Social networking is popular among military families and helpful for keeping in contact with family and friends all around the globe. Service members and their families post updates on Twitter, Facebook, and Flickr, that when placed with other information can provide the enemy with sensitive knowledge. The increasing use of social media is a growing concern for military officials tasked with unit security. One status update about an impending deployment from a soldier in Fort Hood, Texas, has the potential to be viewed around the globe, and can unintentionally put an entire unit at risk.
Once information is posted online the user no longer has control over where it ends up. With a simple share of a status or photo, information can be passed from computer to computer around the globe. While we may think a profile is private, it can be viewed by more individuals than commonly realized. Additional programs, add-ons, and games allow access to otherwise private profiles and subsequently their information. An additional concern, despite profile settings, is not personally knowing every friend. Fake profiles can easily be constructed to have similar interests or common duty stations. By adding these fake profiles, they are now privy to information shared among friends.
Even those who avoid posting details are at risk for providing the enemy with details if they are not careful. Something as innocent as a photograph can compromise unit security. Photographs can provide sensitive information through identify terrain features or objects. Geotagging, or automatic tags contained within the metatags in photos uploaded from smartphones, can provide the enemy with locations of units, equipment, and transports. This information can lead the enemy directly to our units, putting them at risk of attack. Many users are unaware their smart phones add this tag since it is not easily seen.
Don’t post specific details. When posting updates ensure to leave out all specifics including locations, dates, times, and areas. Posting general updates such as “I will be deploying to Afghanistan in the spring” rather than “I will be deploying to Kandahar next Monday”.

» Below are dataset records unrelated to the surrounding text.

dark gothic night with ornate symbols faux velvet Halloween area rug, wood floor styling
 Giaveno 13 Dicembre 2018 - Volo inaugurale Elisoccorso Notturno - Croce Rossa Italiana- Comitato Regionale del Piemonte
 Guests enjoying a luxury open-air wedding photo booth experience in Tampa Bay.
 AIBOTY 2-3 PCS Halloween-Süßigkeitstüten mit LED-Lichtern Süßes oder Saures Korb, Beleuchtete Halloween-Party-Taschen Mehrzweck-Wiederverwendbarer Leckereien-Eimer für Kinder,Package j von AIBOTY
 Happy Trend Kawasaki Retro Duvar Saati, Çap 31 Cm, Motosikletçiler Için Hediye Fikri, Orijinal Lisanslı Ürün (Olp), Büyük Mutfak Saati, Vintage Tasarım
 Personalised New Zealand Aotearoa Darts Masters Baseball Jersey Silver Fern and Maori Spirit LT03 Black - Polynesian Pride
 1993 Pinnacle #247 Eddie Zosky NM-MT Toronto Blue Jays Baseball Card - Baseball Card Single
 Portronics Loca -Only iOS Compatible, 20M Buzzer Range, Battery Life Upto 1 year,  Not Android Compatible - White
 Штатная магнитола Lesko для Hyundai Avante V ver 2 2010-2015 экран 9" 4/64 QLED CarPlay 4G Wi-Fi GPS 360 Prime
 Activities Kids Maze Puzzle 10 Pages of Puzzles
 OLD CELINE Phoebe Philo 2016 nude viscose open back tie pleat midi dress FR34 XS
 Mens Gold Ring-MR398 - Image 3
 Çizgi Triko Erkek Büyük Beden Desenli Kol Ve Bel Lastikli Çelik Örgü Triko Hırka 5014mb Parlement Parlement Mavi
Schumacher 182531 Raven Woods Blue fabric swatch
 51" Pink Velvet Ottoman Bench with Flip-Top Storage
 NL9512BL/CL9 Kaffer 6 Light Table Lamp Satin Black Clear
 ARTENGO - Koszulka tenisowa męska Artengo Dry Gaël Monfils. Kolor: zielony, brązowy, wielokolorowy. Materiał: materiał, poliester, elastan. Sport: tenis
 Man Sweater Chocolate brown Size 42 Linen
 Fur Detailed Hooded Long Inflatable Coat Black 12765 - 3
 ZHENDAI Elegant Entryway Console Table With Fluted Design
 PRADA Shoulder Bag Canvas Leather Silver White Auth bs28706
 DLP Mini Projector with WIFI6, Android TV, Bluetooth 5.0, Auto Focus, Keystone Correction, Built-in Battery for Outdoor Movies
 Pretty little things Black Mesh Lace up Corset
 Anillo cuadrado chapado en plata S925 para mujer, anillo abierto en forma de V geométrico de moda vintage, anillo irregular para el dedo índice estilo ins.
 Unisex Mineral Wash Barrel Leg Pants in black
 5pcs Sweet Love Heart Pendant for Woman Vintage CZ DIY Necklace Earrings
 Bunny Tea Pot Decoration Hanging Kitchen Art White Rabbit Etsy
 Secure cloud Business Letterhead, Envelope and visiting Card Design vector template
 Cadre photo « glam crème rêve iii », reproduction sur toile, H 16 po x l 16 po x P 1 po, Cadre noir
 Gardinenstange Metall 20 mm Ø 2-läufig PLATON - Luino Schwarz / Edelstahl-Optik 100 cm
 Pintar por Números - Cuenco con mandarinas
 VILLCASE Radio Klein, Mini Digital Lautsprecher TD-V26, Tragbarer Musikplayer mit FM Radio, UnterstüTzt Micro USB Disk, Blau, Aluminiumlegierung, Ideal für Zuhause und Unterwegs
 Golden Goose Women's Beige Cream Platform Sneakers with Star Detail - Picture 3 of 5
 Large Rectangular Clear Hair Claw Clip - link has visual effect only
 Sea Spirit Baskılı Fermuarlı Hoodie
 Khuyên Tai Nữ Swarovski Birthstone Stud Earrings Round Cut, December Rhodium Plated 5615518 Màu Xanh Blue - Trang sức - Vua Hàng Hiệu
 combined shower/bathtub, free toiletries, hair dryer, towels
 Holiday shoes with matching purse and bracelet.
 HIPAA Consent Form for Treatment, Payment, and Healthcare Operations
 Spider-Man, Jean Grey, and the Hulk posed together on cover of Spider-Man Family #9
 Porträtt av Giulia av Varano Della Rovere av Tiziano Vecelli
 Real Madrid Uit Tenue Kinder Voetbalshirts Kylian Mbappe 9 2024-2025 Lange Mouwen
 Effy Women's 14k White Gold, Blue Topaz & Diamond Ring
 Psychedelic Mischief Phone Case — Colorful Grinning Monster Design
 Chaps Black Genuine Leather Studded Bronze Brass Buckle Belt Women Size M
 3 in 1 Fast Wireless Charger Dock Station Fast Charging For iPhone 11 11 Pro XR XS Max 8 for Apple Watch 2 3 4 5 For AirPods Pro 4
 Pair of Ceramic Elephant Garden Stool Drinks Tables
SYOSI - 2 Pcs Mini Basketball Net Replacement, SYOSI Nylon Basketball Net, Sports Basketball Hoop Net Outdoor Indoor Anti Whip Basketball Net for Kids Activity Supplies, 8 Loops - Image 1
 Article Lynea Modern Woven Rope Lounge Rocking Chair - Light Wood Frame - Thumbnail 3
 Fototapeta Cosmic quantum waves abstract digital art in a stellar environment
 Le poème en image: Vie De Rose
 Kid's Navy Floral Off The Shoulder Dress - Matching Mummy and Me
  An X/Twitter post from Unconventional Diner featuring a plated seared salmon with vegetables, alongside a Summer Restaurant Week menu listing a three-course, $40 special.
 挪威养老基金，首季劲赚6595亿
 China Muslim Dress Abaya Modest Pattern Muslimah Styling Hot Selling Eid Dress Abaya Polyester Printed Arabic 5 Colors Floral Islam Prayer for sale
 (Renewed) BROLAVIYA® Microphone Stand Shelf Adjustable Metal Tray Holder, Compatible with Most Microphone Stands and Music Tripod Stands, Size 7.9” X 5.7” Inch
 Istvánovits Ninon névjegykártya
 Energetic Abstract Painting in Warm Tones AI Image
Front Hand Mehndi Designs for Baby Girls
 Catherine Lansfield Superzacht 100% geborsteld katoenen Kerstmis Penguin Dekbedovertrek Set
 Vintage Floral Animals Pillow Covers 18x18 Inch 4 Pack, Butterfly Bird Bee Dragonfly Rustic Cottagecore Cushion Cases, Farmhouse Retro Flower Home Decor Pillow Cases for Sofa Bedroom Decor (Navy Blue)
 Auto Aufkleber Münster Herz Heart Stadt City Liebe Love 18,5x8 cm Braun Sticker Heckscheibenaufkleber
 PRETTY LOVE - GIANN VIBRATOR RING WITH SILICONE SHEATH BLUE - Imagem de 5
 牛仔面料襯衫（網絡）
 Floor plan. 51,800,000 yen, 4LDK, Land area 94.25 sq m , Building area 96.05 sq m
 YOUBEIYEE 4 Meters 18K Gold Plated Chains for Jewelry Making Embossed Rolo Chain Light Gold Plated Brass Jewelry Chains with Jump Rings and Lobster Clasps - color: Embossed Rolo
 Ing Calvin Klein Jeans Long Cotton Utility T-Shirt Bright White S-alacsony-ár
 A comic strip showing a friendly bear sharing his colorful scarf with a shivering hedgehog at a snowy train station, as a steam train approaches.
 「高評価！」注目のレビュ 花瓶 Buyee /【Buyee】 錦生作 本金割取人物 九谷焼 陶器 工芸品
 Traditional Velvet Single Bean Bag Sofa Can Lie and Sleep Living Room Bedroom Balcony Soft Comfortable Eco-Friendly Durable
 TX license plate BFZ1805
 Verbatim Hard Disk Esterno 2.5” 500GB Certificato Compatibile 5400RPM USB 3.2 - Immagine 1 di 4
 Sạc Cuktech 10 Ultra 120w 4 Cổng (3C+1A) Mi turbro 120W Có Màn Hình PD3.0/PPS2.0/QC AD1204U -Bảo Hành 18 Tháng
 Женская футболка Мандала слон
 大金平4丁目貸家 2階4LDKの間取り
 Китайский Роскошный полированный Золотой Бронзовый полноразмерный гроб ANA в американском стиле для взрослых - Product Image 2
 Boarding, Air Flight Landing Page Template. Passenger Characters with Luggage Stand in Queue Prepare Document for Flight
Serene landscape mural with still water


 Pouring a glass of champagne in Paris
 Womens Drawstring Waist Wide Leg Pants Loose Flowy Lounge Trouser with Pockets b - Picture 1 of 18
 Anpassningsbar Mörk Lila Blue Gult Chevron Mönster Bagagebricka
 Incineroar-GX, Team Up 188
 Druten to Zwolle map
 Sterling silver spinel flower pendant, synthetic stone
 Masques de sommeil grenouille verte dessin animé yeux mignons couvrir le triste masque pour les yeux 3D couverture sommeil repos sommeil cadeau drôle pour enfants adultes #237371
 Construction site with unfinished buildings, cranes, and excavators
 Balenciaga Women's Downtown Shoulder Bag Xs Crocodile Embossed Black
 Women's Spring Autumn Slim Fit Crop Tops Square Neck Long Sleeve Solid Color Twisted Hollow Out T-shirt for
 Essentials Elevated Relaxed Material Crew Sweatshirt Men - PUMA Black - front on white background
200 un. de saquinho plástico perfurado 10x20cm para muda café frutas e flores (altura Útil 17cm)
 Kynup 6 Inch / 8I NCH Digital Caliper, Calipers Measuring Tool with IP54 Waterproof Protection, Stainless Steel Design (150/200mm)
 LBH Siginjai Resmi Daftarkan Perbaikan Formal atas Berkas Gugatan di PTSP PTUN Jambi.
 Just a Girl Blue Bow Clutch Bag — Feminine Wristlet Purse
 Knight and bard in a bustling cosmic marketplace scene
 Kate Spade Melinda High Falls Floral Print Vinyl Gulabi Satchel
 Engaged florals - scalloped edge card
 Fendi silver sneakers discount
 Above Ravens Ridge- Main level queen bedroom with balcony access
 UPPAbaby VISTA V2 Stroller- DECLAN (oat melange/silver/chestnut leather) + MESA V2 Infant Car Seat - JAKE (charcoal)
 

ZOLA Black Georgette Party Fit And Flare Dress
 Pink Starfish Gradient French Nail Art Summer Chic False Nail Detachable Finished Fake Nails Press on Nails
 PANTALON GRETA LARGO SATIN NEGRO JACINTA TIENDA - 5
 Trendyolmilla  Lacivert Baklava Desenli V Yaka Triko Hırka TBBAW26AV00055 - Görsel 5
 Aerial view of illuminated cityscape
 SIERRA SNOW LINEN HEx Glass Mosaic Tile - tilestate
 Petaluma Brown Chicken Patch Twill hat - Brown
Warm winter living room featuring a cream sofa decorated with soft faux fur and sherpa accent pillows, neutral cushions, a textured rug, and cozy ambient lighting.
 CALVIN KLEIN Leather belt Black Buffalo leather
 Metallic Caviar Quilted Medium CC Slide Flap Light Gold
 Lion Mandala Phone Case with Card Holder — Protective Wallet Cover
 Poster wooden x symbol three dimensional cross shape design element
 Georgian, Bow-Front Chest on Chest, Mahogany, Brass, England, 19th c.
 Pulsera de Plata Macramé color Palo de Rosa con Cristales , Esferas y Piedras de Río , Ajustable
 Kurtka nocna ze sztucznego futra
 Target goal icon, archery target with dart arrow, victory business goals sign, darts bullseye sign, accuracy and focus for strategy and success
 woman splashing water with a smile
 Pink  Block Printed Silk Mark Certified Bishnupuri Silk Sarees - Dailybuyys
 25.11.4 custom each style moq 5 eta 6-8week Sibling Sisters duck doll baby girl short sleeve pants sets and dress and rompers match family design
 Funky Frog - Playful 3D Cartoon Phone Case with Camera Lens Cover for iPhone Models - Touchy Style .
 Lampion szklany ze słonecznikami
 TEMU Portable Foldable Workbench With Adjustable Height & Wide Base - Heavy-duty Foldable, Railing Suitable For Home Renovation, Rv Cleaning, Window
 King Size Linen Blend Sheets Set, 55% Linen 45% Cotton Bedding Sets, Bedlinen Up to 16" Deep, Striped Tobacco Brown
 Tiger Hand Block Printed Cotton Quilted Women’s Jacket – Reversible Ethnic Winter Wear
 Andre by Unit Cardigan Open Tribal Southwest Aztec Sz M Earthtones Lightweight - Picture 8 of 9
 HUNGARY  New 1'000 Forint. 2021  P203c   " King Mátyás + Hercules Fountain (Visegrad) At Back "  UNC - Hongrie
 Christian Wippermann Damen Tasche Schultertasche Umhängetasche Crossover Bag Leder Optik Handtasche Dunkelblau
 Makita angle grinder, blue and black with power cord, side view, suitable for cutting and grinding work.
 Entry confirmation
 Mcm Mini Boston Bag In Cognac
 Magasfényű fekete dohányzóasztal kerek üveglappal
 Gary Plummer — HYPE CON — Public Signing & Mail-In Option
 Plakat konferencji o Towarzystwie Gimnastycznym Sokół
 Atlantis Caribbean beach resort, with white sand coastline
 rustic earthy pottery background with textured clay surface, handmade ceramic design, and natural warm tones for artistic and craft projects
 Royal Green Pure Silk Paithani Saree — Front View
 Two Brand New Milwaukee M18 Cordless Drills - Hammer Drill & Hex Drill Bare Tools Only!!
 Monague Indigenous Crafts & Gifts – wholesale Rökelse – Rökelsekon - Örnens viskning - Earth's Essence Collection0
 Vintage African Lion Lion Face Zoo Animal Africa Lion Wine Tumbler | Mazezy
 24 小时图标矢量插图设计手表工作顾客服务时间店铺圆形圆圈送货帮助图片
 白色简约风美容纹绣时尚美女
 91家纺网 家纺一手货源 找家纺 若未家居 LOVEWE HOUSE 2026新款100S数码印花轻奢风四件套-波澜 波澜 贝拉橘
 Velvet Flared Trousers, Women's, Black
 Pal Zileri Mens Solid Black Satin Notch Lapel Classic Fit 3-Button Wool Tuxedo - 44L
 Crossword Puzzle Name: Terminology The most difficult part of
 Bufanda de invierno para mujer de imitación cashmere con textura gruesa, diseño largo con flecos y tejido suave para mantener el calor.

Post about events that have already happened. Posting about events after they occur is the safest way to ensure mission integrity is protected. However, be sure to never post sensitive mission details even after the fact.
Disable your GPS feature on your phone. Disabling this feature will prevent your camera from geotagging your photos, or accidentally tagging at certain locations. The GPS feature, while convenient, allows patterns to be monitored and locations to be tracked.
Never post equipment, personnel, or mission statues online. Thinking about complaining about how shorthanded guard duty is on a certain shift? Think again.
If you have any questions concerning the use of social media and OPSEC, be sure to contact your chain of command. Security is everyone’s business.